Provided data:
—————

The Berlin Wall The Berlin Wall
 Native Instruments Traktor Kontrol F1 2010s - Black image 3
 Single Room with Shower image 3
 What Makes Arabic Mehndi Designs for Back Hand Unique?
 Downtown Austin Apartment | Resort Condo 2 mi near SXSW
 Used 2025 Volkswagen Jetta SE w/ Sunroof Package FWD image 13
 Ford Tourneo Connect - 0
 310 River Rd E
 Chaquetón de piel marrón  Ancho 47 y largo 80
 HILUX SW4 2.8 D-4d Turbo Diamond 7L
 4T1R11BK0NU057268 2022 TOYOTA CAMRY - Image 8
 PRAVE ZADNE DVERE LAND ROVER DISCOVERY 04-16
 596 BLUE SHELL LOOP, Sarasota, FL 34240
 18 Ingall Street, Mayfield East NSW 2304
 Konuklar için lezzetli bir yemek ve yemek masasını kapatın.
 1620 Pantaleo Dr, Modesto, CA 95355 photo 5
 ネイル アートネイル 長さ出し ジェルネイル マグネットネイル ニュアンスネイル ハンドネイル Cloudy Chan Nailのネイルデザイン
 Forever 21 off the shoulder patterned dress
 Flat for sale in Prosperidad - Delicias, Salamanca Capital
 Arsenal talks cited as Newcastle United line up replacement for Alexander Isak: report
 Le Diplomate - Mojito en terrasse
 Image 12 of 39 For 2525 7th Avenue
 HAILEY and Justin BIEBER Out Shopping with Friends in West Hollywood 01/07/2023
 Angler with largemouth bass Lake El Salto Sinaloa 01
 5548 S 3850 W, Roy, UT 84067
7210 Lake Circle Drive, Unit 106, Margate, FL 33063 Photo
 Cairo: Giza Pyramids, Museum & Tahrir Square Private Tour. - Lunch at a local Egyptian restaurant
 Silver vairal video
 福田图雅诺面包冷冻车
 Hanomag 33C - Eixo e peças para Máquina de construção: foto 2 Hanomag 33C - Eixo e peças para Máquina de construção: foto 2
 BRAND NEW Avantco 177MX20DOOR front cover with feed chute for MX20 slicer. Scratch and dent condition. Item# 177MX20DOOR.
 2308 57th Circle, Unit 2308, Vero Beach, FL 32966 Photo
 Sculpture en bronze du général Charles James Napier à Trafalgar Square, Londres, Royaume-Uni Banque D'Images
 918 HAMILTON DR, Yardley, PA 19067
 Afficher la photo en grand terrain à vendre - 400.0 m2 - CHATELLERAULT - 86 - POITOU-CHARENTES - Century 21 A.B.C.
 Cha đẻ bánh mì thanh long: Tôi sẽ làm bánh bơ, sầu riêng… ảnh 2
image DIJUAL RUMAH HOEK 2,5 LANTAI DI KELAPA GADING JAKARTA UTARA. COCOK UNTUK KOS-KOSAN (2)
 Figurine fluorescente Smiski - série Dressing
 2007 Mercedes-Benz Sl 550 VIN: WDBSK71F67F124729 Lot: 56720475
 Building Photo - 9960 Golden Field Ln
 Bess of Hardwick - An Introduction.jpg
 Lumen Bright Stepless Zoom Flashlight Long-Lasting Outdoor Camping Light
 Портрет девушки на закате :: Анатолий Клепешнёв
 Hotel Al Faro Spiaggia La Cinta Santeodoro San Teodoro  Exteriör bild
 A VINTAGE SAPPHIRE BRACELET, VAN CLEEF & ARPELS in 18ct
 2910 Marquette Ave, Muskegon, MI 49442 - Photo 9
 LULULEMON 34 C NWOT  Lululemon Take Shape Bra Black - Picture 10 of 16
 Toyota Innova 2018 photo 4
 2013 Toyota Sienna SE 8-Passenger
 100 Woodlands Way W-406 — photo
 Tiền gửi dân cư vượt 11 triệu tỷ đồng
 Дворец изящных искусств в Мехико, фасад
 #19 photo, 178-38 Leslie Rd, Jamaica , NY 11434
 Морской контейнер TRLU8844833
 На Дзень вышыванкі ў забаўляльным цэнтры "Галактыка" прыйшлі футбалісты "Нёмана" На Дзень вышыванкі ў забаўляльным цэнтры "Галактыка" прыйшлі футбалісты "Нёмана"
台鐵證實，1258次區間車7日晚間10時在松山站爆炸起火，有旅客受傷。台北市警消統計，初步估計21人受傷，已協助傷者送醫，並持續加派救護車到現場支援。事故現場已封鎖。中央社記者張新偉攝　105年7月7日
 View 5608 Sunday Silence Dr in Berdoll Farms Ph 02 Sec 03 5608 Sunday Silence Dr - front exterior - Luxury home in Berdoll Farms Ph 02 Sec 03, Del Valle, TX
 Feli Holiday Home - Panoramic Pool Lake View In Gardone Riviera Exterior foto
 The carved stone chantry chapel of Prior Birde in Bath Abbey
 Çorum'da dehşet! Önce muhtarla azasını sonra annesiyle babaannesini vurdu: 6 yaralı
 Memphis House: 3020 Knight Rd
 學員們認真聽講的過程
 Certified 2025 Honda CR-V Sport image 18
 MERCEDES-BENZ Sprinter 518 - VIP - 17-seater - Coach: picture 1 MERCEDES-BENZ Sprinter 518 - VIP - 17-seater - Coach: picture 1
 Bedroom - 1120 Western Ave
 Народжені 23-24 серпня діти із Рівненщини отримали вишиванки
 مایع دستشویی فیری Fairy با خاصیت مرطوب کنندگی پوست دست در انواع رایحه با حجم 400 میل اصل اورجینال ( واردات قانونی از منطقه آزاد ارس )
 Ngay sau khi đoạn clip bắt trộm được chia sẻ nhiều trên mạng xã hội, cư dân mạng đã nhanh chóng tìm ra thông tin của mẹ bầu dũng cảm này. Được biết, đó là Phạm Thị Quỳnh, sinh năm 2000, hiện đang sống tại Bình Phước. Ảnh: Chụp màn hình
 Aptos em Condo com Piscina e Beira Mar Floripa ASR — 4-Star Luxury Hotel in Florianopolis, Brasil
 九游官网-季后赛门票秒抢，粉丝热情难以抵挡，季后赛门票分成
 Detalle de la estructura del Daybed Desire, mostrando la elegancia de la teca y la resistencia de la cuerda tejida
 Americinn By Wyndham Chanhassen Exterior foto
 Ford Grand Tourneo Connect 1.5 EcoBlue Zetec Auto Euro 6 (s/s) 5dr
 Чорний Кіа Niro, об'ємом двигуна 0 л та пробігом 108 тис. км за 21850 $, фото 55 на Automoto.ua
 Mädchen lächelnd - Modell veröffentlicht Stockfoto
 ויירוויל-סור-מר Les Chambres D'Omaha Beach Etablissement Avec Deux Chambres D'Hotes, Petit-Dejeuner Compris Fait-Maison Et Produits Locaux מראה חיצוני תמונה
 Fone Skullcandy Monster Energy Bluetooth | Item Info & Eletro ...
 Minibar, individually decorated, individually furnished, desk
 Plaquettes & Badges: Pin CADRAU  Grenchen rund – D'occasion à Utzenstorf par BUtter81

—————

Please return every line from the first one in the records above down to the line containing "HILUX SW4 2.8 D-4d Turbo Diamond 7L", including both, exactly as written and nothing more.

The Berlin Wall The Berlin Wall
 Native Instruments Traktor Kontrol F1 2010s - Black image 3
 Single Room with Shower image 3
 What Makes Arabic Mehndi Designs for Back Hand Unique?
 Downtown Austin Apartment | Resort Condo 2 mi near SXSW
 Used 2025 Volkswagen Jetta SE w/ Sunroof Package FWD image 13
 Ford Tourneo Connect - 0
 310 River Rd E
 Chaquetón de piel marrón  Ancho 47 y largo 80
 HILUX SW4 2.8 D-4d Turbo Diamond 7L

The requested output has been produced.